Three routes — pick whichever fits your integration:

RouteHowBest for
PollingGET /v1/requests/{id} — when status is succeeded, the response includes presigned output_urlsSimple scripts
WebhookSet webhook_url on the request, or register a workspace endpointServers — no polling
ConsoleRequests (status & errors) + Artifacts (the files)Manual checks
Terminal window
curl https://<your-deployment>.inference.meshive.ai/v1/requests/req_9f8e7d6c5b4a3210 \
-H "Authorization: Bearer $MESHIVE_API_KEY"
{
"id": "req_9f8e7d6c5b4a3210",
"object": "inference.request",
"modality": "image",
"status": "succeeded",
"output_object_key": "serverless/requests/req_9f8e7d6c5b4a3210/result_0.png",
"output_bucket": "meshive-r2",
"output_urls": ["https://...presigned, valid ~1 hour..."],
"error_code": null,
"error_message": null,
"queued_at": 1780000000,
"started_at": 1780000004,
"completed_at": 1780000031
}

Statuses move queued → running → succeeded | failed | canceled. Poll every few seconds until the status is one of the three terminal values — every accepted request is guaranteed to reach one.

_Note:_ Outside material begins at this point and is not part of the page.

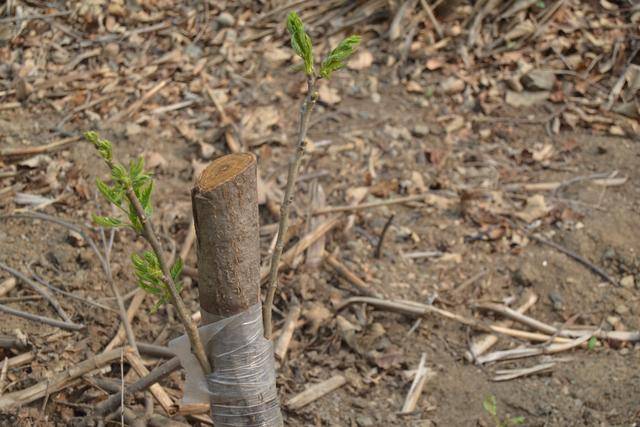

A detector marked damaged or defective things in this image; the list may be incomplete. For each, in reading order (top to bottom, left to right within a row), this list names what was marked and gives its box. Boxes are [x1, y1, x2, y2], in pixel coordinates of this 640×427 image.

broken dry stick [191, 155, 284, 426]
broken dry stick [284, 374, 344, 412]
broken dry stick [400, 354, 430, 414]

Pass webhook_url on the request (or register a workspace-wide endpoint) and Meshive POSTs you a signed event the moment the request finishes — request.completed, request.failed, or request.canceled. Setup, payload schema, and signature verification: Webhooks.

Serverless › Requests shows every async request with status and, on failure, the exact error code. Generated files land in Serverless › Artifacts (storage & retention).

Async failures are classified precisely from the GPU worker, and surface as error_code / error_message on the request (and in the request.failed webhook):

error_codeMeaningWhat to do
vram_exceededThe job exceeded the GPU’s memorySmaller size/steps, a more quantized model, or raise your price cap so a larger GPU can be assigned
model_timeoutThe model didn’t respond in time (images: 5 min, videos: 30 min)Retry; if persistent, reduce job size
pod_crashThe worker ran out of host memoryContact support
storage_upload_failedResult couldn’t be written to your output bucketCheck the storage credential under Settings → Integrations

Failed and canceled requests don’t add any charge — billing is per GPU-hour of your deployment, not per request.

Terminal window
curl -X POST https://<your-deployment>.inference.meshive.ai/v1/requests/req_.../cancel \
-H "Authorization: Bearer $MESHIVE_API_KEY"
  • Only queued requests can be canceledrunning means the GPU is already working; you get 409 with the current status.
  • A successful cancel fires request.canceled to your webhooks.